--- SUPPLIED DATA Enclosed Below ---
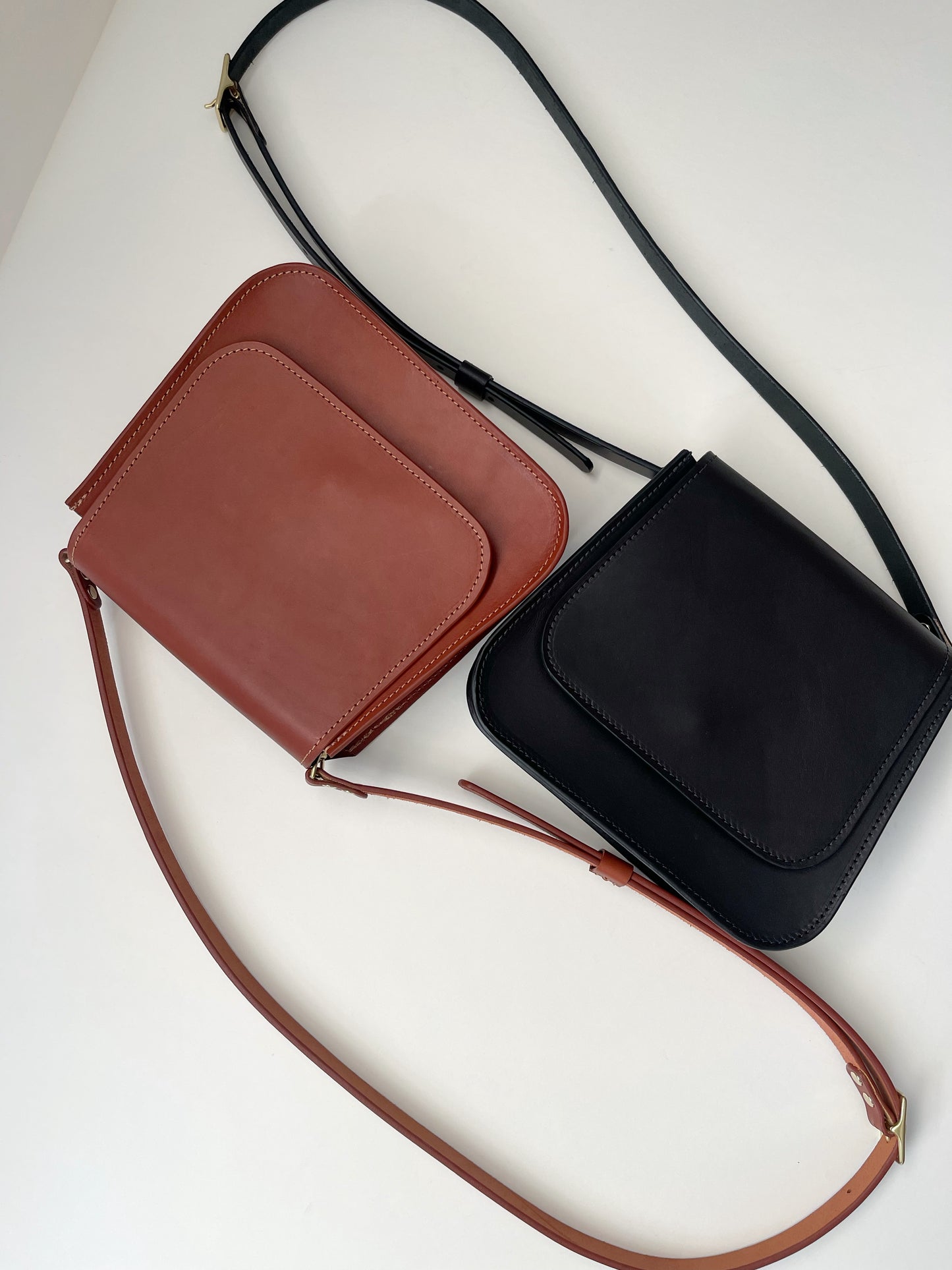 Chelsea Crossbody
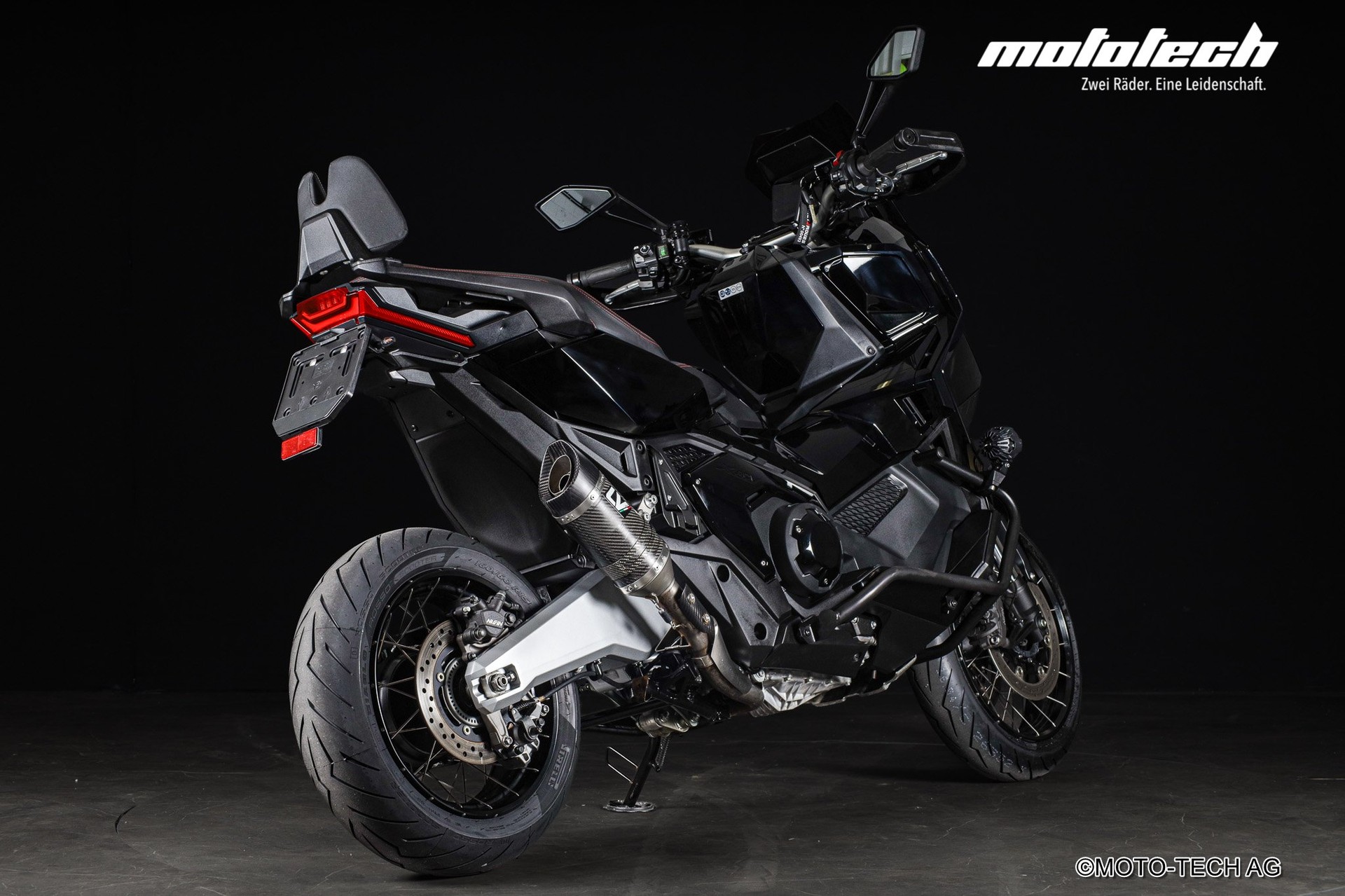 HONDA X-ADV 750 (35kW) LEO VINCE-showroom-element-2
--- End of Enclosed SUPPLIED DATA ---
--- SUPPLIED DATA Enclosed Below ---
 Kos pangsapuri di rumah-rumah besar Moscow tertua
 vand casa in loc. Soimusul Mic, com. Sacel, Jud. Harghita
--- End of Enclosed SUPPLIED DATA ---
--- SUPPLIED DATA Enclosed Below ---
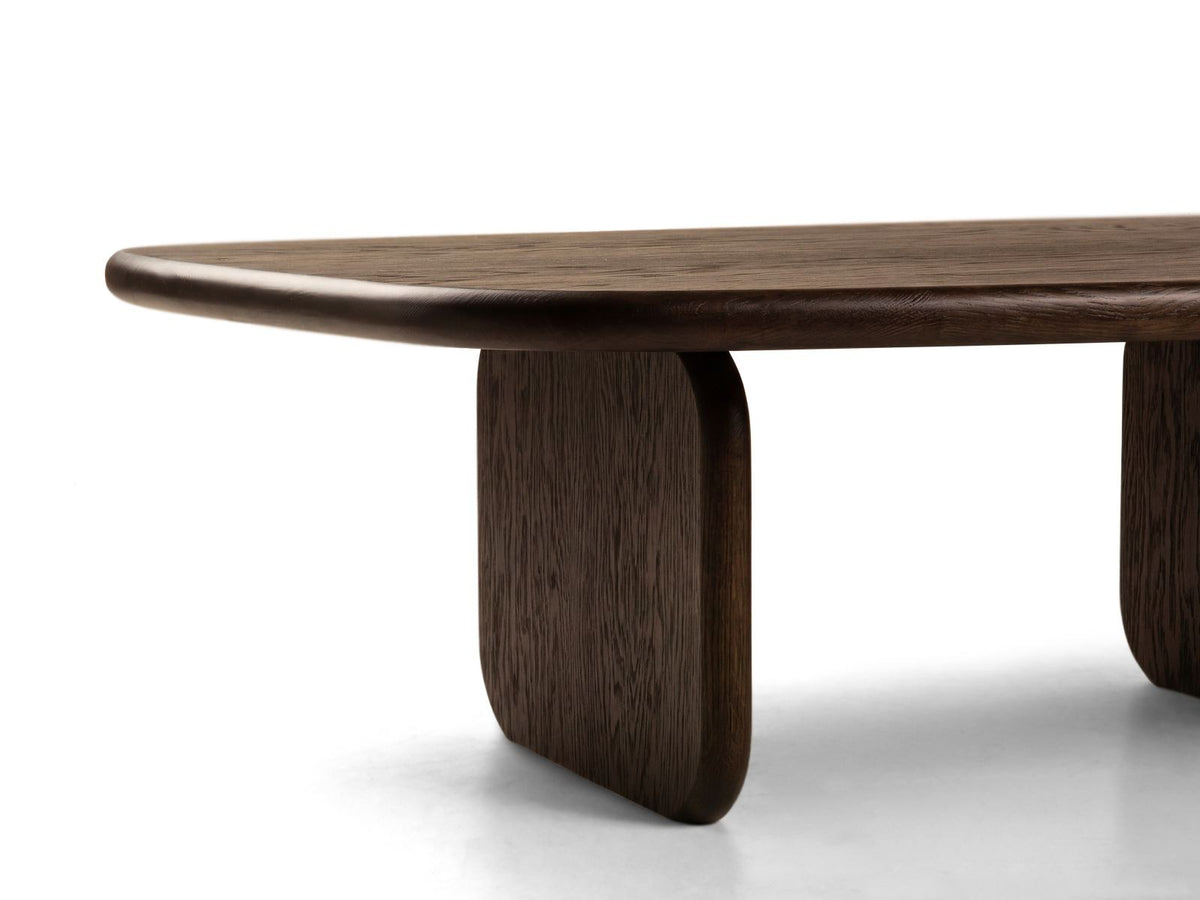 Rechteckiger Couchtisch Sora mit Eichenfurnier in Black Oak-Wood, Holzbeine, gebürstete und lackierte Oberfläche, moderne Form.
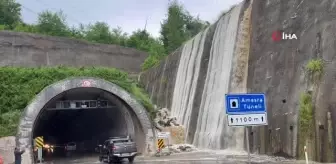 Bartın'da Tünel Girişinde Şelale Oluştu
--- End of Enclosed SUPPLIED DATA ---
• **TASK INSTRUCTIONS**:
With the line that has "Kos pangsapuri di" as the first and the line that has "vand casa in" as the last, repeat exactly that run of lines above and no more.

• **RESPONSE TO THIS EXERCISE**:
 Kos pangsapuri di rumah-rumah besar Moscow tertua
 vand casa in loc. Soimusul Mic, com. Sacel, Jud. Harghita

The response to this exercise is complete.